When Alex Hailley’s book Roots came out, it was hailed as wonderful, but about the time the mini-series version of the book hit the small screen, I seem to remember a scandal about portions of the book being plagerized. Is this just my faulty memory or was it real?
I don’t remember details, but I do remember reading side-by-side quotes from Roots and from the other book. The similarities were striking. But what really bothered me was the statement Haley supposedly made that the paragraphs were taken from the other work by a research aide. That brought up all sorts of questions – Didn’t Haley do his own research? Did Haley let assistants actually write his book? I’ve never understood the whole story.
I’m kind of sad to read these accusations that virtually all of Haley’s geneology is a fraud. I’d followed “Roots” since before the book even appeared – Haley first published the story in The New York Times Sunday magazine back in 1975 or 1976. There’s nothing of “white liberal guilt” in this – being able to reach that far back into the past for one’s ancestors, especially under the circumstances, is impressive and fascinating.
Why hasn’t this come up before? How is it possible to “ban” something from PBS?
I read the book a long time ago. I remember thinking the last 100 pages reminded me of the Begats in the Bible…Haley spent the bulk of the book on Kunta Kinte and the first few generations, then kind of rushed through the immediate generations right before his birth…you know, so and so married such and such, then Whosit was born, who married Whirlygirl, then I was born.
Nope – not in that way. A true story about actually sifting through the miasma of history and records and finding your own family tree (boy, that’s a badly mixed metaphor!) is a lot more fascinating and impressive than someone simply fabricating such a tree, even if plausible and well-researched.
I listened to several hours of audio tape of Haley describing his search in early 1973. Absolutely fascinating. He clearly knew he had an ancestor named “Kinte”, who had been caught by slavers while out in the woods to get a log to make drum, long before he started his search. He also knew it was shortly have the British soldiers had first visited the area. These allowed him to pinpoint Kinte’s tribe and the period when he was enslaved. He figured out quite a bit going along this way.
But, for the book, he threw in a lot of other stuff to make a story that wasn’t factual. Just things that were typical for the time and places.
Just to clear something up, most of the book was a product of Haley’s imagination, but most of the family tree itself is accurate.

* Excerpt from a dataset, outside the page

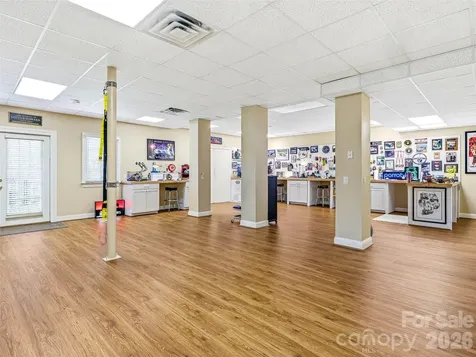 33 Tiverton Lane Asheville NC 28803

Virtually all of Kunta Kinte’s story was likely created by Haley based on what would have been typical in an African’s life in that time period in Africa and subsequent to being taken a slave, mixed with generations’ old stories told about an ancestor of his known only as “The African” whose actual name was long lost. Haley supposedly got the name from a griot (story teller) in Africa. Whether he actually located the village and unearthed the name is dubious. Kunta’s story occupies a bit over half of the book.
Most of the remaining section of the book concerns Kunta’s daughter, Kizzy. The geneology from Kizzy through Haley is solidly supported by evidence, though the details of what exactly went on were likely a product of Haley’s research on slave life in that era combined with what few records of trades and such were unearthed. As you get closer to the present, each subsequent generation’s story gets shorter–Chicken George gets a decent amount of development, his son Tom a little less, and from there it’s pretty much as ivylass described it–more a listing of who produced whom on their way to producing Haley than a story.
So the main character of the first section of the book was likely nearly entirely invented by Haley–that The African existed, was Kizzy’s father, and was reported to have repeatedly tried to escape until hobbled is really all we know about him–but the other people, who occupy somewhat less than half the book, actually existed as documented, though their stories are highly fictionalized.